Determined marchers and jubilant indoor celebrations highlighted the Martin Luther King birthday holiday in New London and Norwich Monday with the shared message: "We've come a long way, but we still have a long way to go."

Dozens gathered outside 70 Huntington St. in New London Monday morning to march through downtown to Shiloh Baptist Church on Garvin Street, where crowds filled the pews for a special holiday service.

In Norwich Monday afternoon, more than 30 marchers gathered at City Hall to hear opening remarks and to ring the city's Freedom Bell, erected in 2013 to mark the 150th anniversary of the Emancipation Proclamation.

The marchers were joined by dozens more at the Evans Memorial AME Zion Church for songs, prayers and words of encouragement. Keynote speaker, the Rev. Fannie B. Stokes, used Biblical cautionary tales about reaching the promised land, but not working hard enough to truly possess it.

With the recent rise of bigotry, racism, sexism, discrimination and racial tension, Stokes said, Americans fighting for equality cannot rest from their work.

"My brothers, my sisters, my friends, my families, my neighbors, fellow citizens," Stokes said. "I submit to you today, that although we may have arrived in the Promised Land, there is yet work to do. it is not enough to arrive. We must possess. ... The work is far from complete."

Stokes repeatedly asked: "Are we free, or free enough?"

Before marchers stepped onto the street in New London, the Rev. Michael Cagle from the Southeastern Connecticut Ministerial Alliance told the crowd that since King's time, "we've come a long way but we still have a long way to go."

The Rev. Mary Smith-Gomes of Evans Memorial AME Zion Church in Norwich led the New London group in prayer and said she was glad to see that people of "not just one color but of many colors" came out to march.
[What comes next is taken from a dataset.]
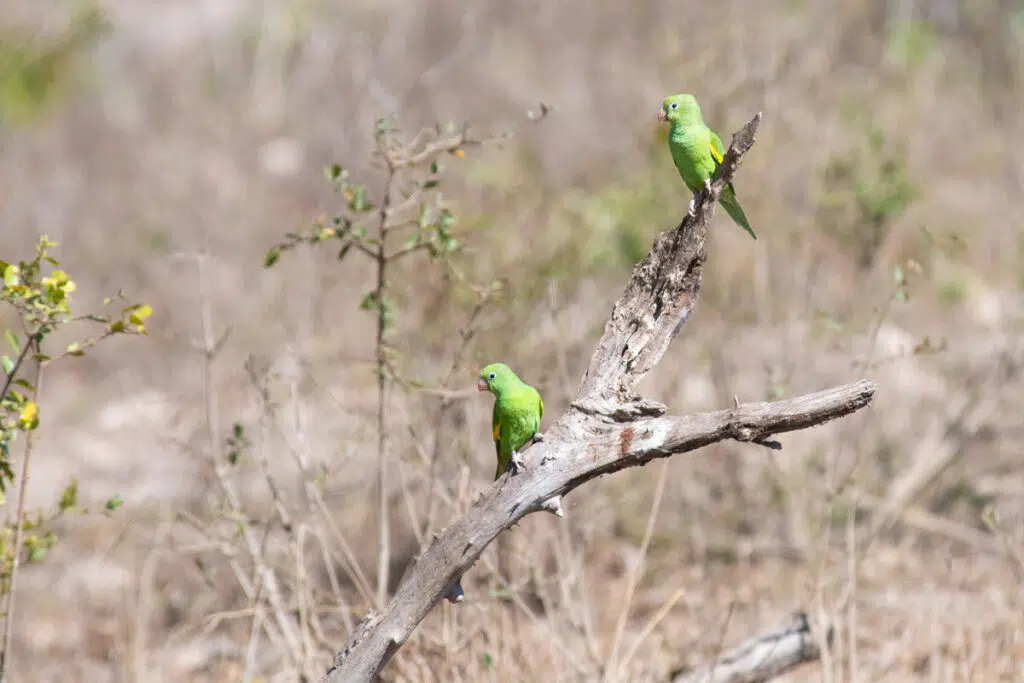 Yellow-chevroned parakeets in Pantanal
As she marched, Smith-Gomes said she was happy that folks came out in droves despite the bitter cold temperatures Monday.
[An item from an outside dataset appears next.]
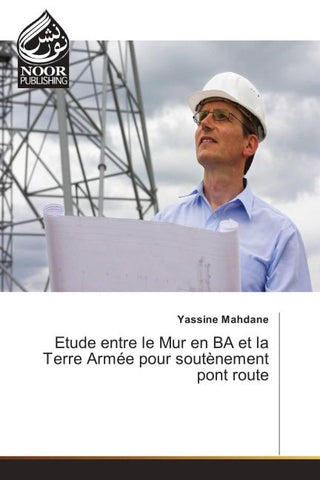 Etude entre le Mur en BA et la Terre Armée pour soutènement pont route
"We've got some hope in this community," she said, pointing to 5-year-old Molly Wrighton of Groton, marching with her grandmother, Theresa Cattalani of Groton.

"We never know who she'll grow up to be," Smith-Gomes said of the child.

Cattalani, who is white, married her late husband, who was black, in 1982. Together they had five children and she has five grandchildren, ages 5 to 12.

Cattalani said that as a mother and now grandmother to biracial children she has always made it a point to celebrate black history. She tries to teach her grandchildren about history, faith and the importance of education, as well as discrimination they may face.

"It's important for them to know their history and understand what black people have gone through," she said.

Cattalani said growing up white in Waterford she was relatively unaware of issues of racism, until she met her husband.

"I started seeing how he was treated unfairly sometimes," she said.

When the two married, they faced hurtful comments and judgment. After these experiences she made it a point to speak out against racism.

"People need to realize that there really is discrimination against people of color," she said.

Tom Clark walked just behind Cattalani and the young Wrighton during the march and said he has been marching on MLK Day in New London for at least 15 years. Clark said he participates in the march to acknowledge racism that he believes still exists in his own community and to let people know that it won't be tolerated.

"We live in a society, especially right here in downtown New London, that is very much a part of a racist legacy," said Clark, who carried a sign for St. James Episcopal Church. "It is beyond criminal that the community doesn't do something about it."

During the service at Shiloh Baptist Church, New London Mayor Michael Passero echoed a similar sentiment.

"We are now in the second decade of the 21st century and we live in one of the richest states in the union," said Passero. "We are a city where half of us live comfortably and half of us must choose daily between basic necessities."

The mayor noted King's sentiment that challenging issues of racism and poverty required acknowledging issues in American society as a whole.

"The time has come to mobilize once again and embark on the movement that Dr. King started for us at the end of his life," the mayor said.

Speaking after the mayor, Rep. Joe Courtney, D-2nd District, acknowledged New London's diverse population.

"The beauty of the city of New London is its diversity," said Courtney. "And until every citizen in our country can value every citizen in our country, we have a lot of work to do."

Courtney addressed the Norwich marchers a short time later, recalling that last year's march had to be canceled because of much colder conditions.

"We live in a very divisive and polarized time," Courtney said in Norwich. "The city of Norwich does a really good job, in my opinion of demonstrating what inclusion can do in a community in terms of bringing people from different walks of life, different races, different faiths together. That is really what I think we really have to spotlight and appreciate here today."

The Norwich marchers sang "We Shall Overcome" as the group turned the corner from Franklin Street to McKinley Avenue, as onlookers cheered encouragement and raised arms in support.

AME Zion Pastor, the Rev. John Gentry reminded the Norwich audience inside the church that when people most struggle in life, they turn to God with songs of hope. He led the congregation in the song, "Where Could I Go but to the Lord?"

In New London, between speakers, musical performances by the Shiloh choir and band brought the crowd to their feet as they danced and clapped along. Nearly the entire congregation stood to give a standing ovation to New London native Ariana Stanberry, a sophomore at Berklee College of Music in Boston, who played her saxophone during the service.

Donna Madina, of Waterford, was one of many attendees who was dancing in her front-row pew.

Madina said the service was "very uplifting" and also provided her and the rest of the community "with a ruler to measure where we're at in our movement toward equality and peace."

The Rev. Dr. C.L. Stallworth, senior pastor at the East End Tabernacle Church in Bridgeport, told the New London gathering that he knew "the struggle for justice is a draining struggle" but urged congregants to strive for "mountaintop moments" of "visibility and vision" when they could clearly see the issues facing their communities and what their communities could become.

Stallworth paraphrased King's iconic "I Have a Dream" speech, replacing his command to "let freedom ring" with shouts of "let victory ring."

He then led members of the crowd to turn to one another and shake hands, telling one another "we've got the victory," before singing lyrics often considered to be an anthem of the civil rights movement, "We shall overcome someday, black and white together," as they all joined hands.